Daewoo weighs risk in Madagascar
Yonhap | February 12, 2009
Daewoo Logistics Corp. expressed wariness yesterday over growing political unrest in Madagascar and hoped that the situation would not affect a massive farm project it is pushing in the Indian Ocean nation.
“It may be a bit of a dangerous investment,” Shin Dong-hyun, a Daewoo Logistics official, told Yonhap News Agency, commenting on spreading anti-government protests in Madagascar. “We hope the situation will get better in the near future.”
The Korean shipping company is pushing to farm corn on an area half the size of Belgium for 99 years in return for investments in labor and infrastructure but has not received full government approval. Shin, who supervises the project at Daewoo, said his company has completed and submitted all necessary surveys to the Madagascar authorities.
Violent anti-government protests have swept through the country’s capital of Antananarivo in recent days. Security forces fired into a crowd of street protesters over the weekend, killing 28 people.
Shin denied that Daewoo’s farm project in Madagascar is linked in any way to the unrest, but foreign news outlets such as the BBC and the New York Times have suggested that the turmoil is at least partially due to Daewoo’s proposal.

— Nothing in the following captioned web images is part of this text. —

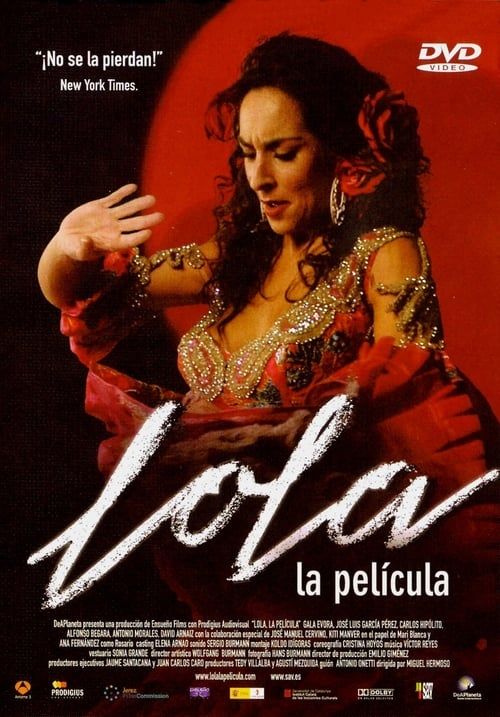 Key visual of Lola: The Movie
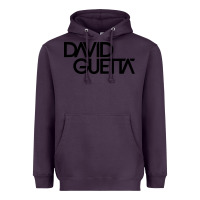 Plum cool-david-guetta-one-love-merch Heavyweight Hoodie - linhVisuals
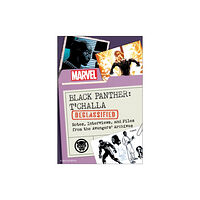 BenBella Books Black Panther: T'Challa Declassified (häftad, eng)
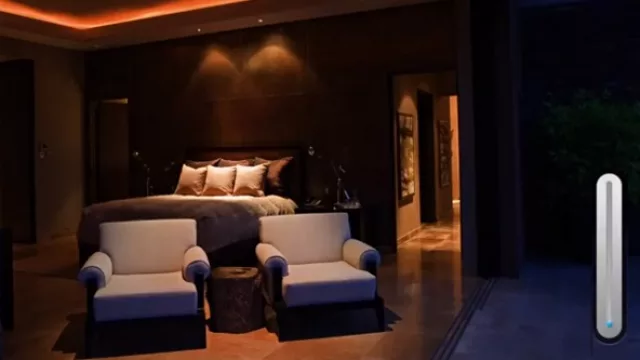 Los dimer permiten que la luz de lámparas de bajo consumo o LED se regule de tenue…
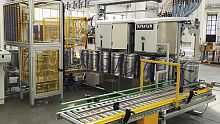 Paint dispensing system EASYPAINT IN-CANgravimetricvolumetricautomatic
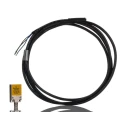 Turck Block Inductive Proximity Sensor M8 x 1 Thread, PNP Uprox Output 30 V DC 200mA, IP67, 5 mm BI5U-Q08-AP6X2-V1131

The two media outlets cited growing unrest among the country’s agricultural poor, who see the Daewoo deal as a “betrayal” by their government.
“I don’t think the political turbulence is related to this project,” Shin said. “The news reports were a lie.”
Asked whether Daewoo was comfortable doing business with a government that has killed protesters, Shin said the deal is not being exclusively made with Madagascar’s incumbent government and stressed that his company will pursue the project with whomever is in power.
“If they want economic development in Madagascar, I think they will need this project,” Shin said, rejecting the notion that the deal is “neo-colonial,” as suggested by its critics.
Shin said the farm project is a commercial deal based on profitability but stressed that it is also beneficial to Madagascar, a poor nation eager to develop its economy.
He said the aim of the project is not to boost Korea’s food security.
“We will follow where we can maximize the profit,” Shin said, whether that lies in reselling produce in Madagascar or in other international markets, including Seoul.
Shin acknowledged that the falling international prices of grain are making the Daewoo project in Madagascar less attractive.